It’s very difficult to do this kind of project well. The genre, a film noir-style hard-boiled detective story, is so well-known that most people think of parodies before they think of classic originals. It’s easy to succumb to “nudge nudge” “this is just like that better story” smarmy wisecracking or too-faithful slavishness. The former, by making fun based in immaturity, makes you feel like an idiot for wanting something with honest inspiration; the latter makes you ask “what’s the point? I’ll get one of the originals.” This story avoids both those traps.

By contrasting Tony’s background — he came from the same privileged society world that his clients do — with his choice to strike out on his own, Rich gives him sympathy (who hasn’t dreamed of crossing over to how the other half live?) and mystery of his own. The woman who hires him says she wants the benefit of how well he knows the missing sister, but when he does give advice based on her character, she ignores it, offering more money to get what she wants.

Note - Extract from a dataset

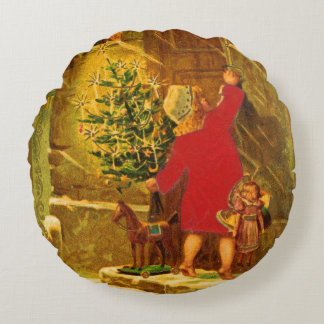Hungarian Christmas from 1896 Round Pillow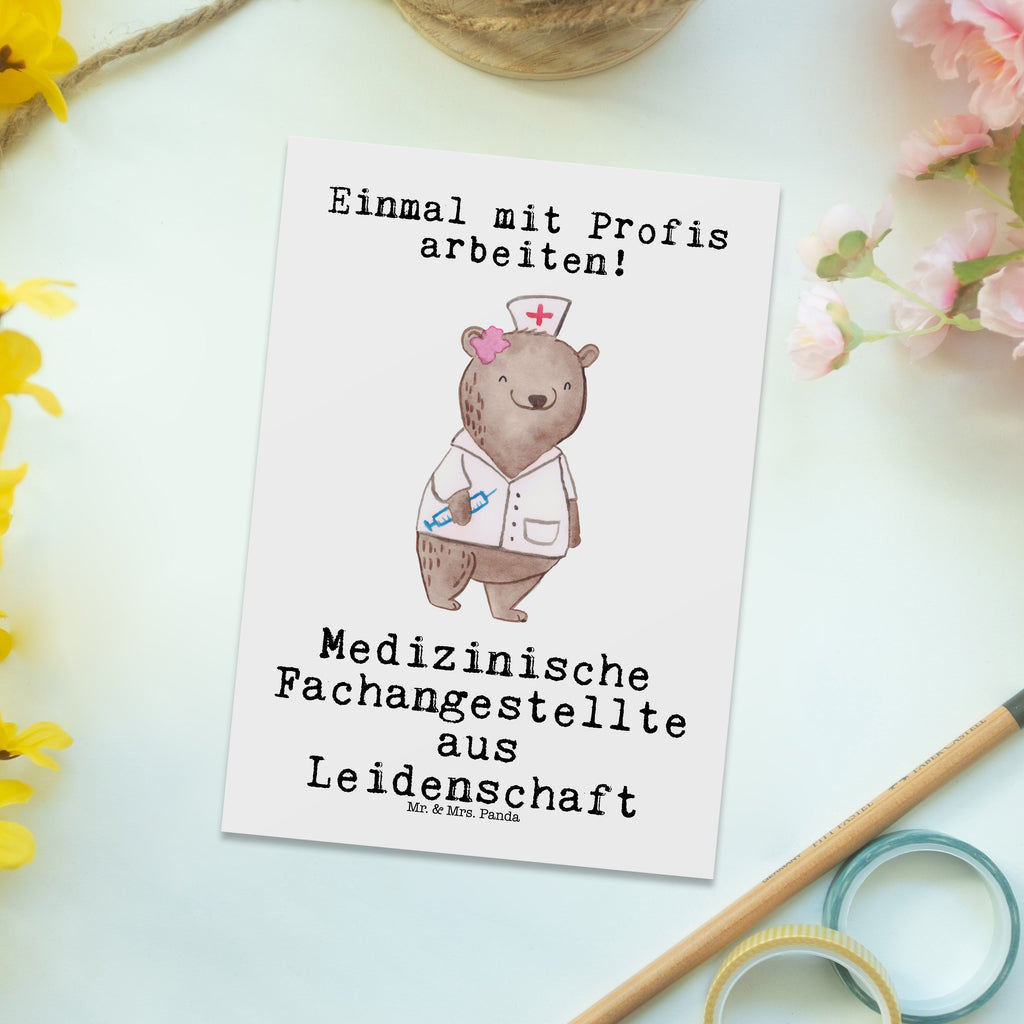 Postkarte Medizinische Fachangestellte aus Leidenschaft Postkarte, Karte, Geschenkkarte, Grußkarte, Einladung, Ansichtskarte, Geburtstagskarte, Einladungskarte, Dankeskarte, Ansichtskarten, Einladung Geburtstag, Einladungskarten Geburtstag, Beruf, Ausbildung, Jubiläum, Abschied, Rente, Kollege, Kollegin, Geschenk, Schenken, Arbeitskollege, Mitarbeiter, Firma, Danke, Dankeschön, Arzthelferin, Medizinische Fachangestellte, Sprechstundenhilfe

Jones’ graceful-yet-strong lines are well-suited for the curvy femme fatale, but then I could say the same thing about the genre and her strong use of black and shadow. Her curling smoke drifts I can get lost in, and I adored the page of the detective smoking in the bathtub. She does impressively detailed work with settings and backgrounds, suitable to the period. The dialogue is snappy, conveying plenty of information in just the right tone.

Comic Noir

The theme of roast almonds is spooky, giving me shivers from the beginning. It’s not spelled out, but the mystery fan will know from the start it’s the scent of poison, providing overtones of coming death. It’s also unusual for a comic to consider the sense of smell, which sets the story apart.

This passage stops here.